Troubleshooting most common problems - lahoramaker/awesome-lmstudio GitHub Wiki

Welcome to this page, where you'll find answers to the most common issues when running LM Studio.

Failed to load model 'The Bloke • Model name qX_0 gguf' ?

If you are getting this error, probably you are trying to load a model bigger than what your computer can handle. Running Large Language Models fluently requires usually a large GPU.

By default LM Studio will try to load the model into your system's RAM. When initializing, it will reserve the size of the model (in Gb), plus some extra ammount of Gbs for the context (the amount of text that the model will take in consideration when creating new words in the output).

As a rule of thumb, the model will require the size of the model times 1.25 in RAM or Graphics Card's RAM. Different quantizations (compressions) will reduce the amount of memory required.

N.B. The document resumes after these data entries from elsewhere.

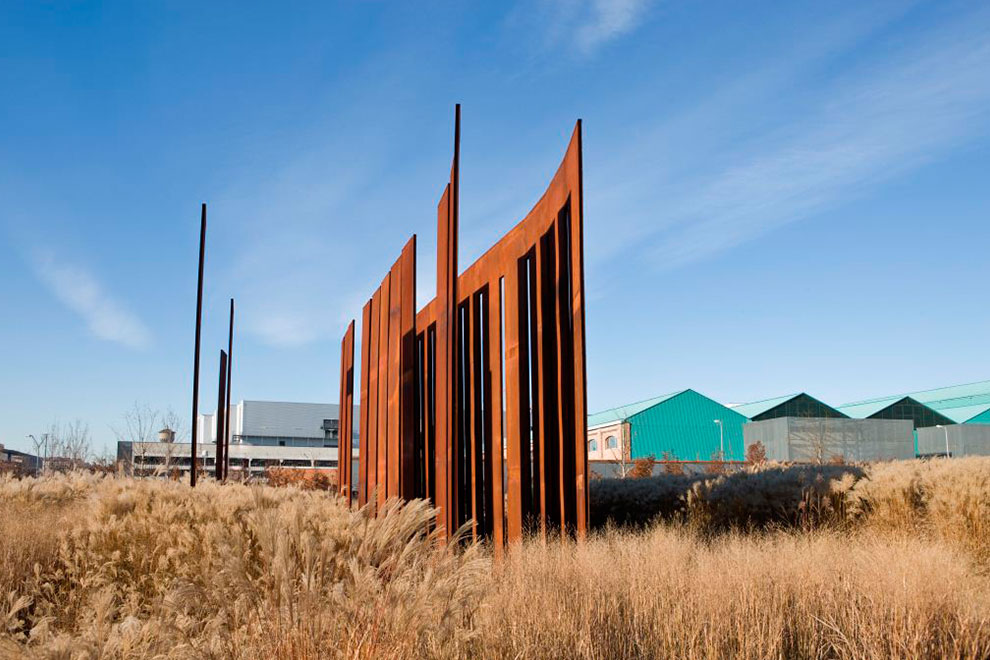 Fausto Melotti, La sequenza (1981; ottone; Milano, Pirelli HangarBicocca)
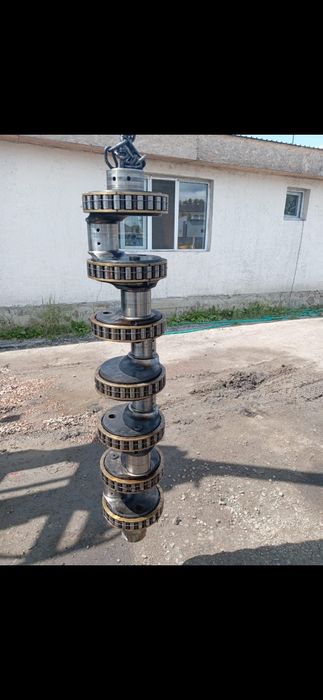 Коленвал ямз 240 на трактор к 701 в стандарте вместе с подшипниками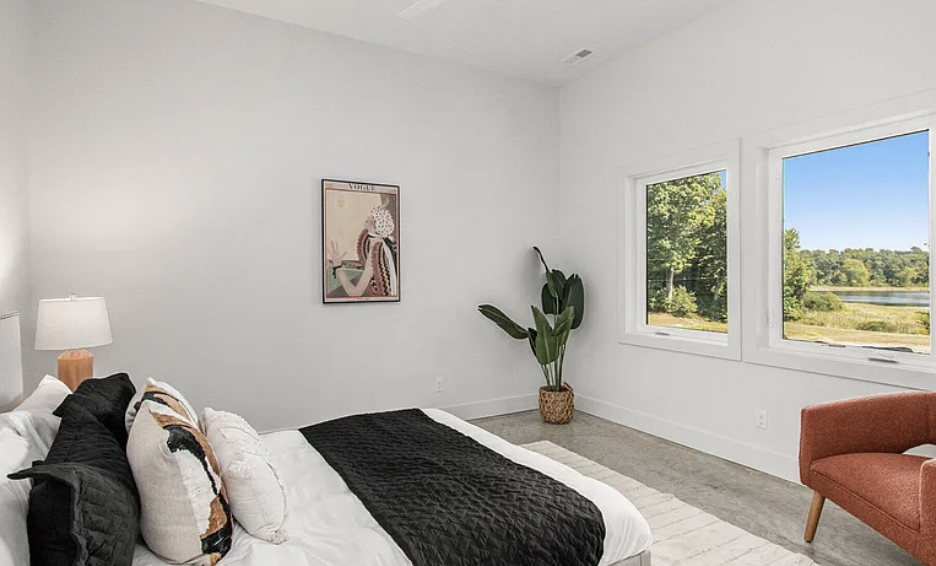 The Morris Bedroom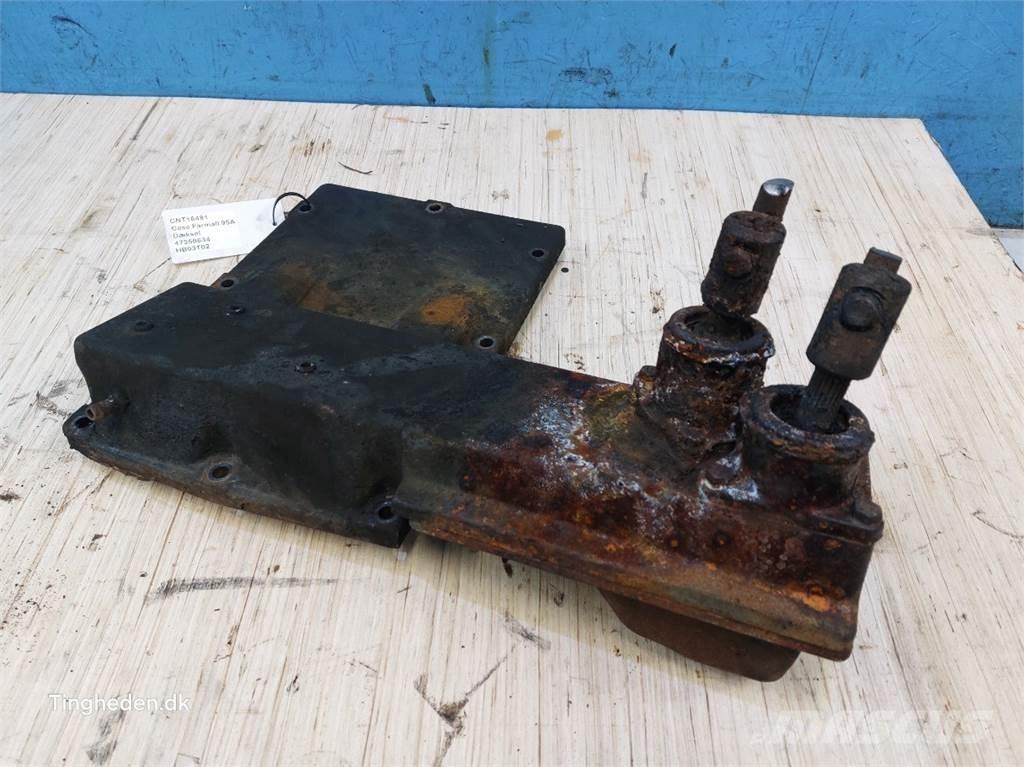 CASE Farmall 95A Menjalnik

If you are getting errors with a high quantization (Q8_0, Q6_K, or Q5_K_M), try downloading some of the smaller quantized models (like Q4_K_S, Q3_K_M, etc).

image

The performance I am getting is really slow. Is there any way to accelerate the performance?

By default LM Studio will use your CPU to produce the chat responses. In order to enable GPU acceleration, and make it much more faster, follow these steps:

  • Open the chat window (third icon on the left)
  • Expand the Settings panel on the right hand side of the chat window
  • Expand Model Configuration carousel
  • Expand the Hardware Setting at the bottom
  • Mark the checkbox "GPU Acceleration". Set the appropiate number of layers.
  • Press tab or click in other parts of the window to save the settings. A new button should appear at the bottom of the chat area.
  • Click the new button to reload the button.
  • Enjoy the new speed

How many layers should I configure for GPU Acceleration?

The recommended way to test the appropirate number of layers is start with a small number, like 5, and grow from that number slowly. This will help you accelerate any model, even if it can't be loaded fully into the GPU memory.

The brute force apprach would be setting the number of layers to 1000 and try to load the model. If it fails, you can reduce the number until it stops crashing. The main challenge with this approach is that if the model is large enough it might take a lot of time to find the nice spot until it doesn't crash.

My Windows system has all minimum requirements but I'm still unable to load models

LM Studio requieres a working Visual C++ Redistributable Package to operate. Usually this is installed in your computer from previous installations but current installation might not be up to date with the latest release. You can install the latest versions from Microsoft Learn

How do I setup a preset config for each of the models? I have heard about Alpaca format, ChatML, etc.

LM Studio 0.2.8 adds auto-configuration for all models. You can set it up manually also on the Settings panel of the chat window.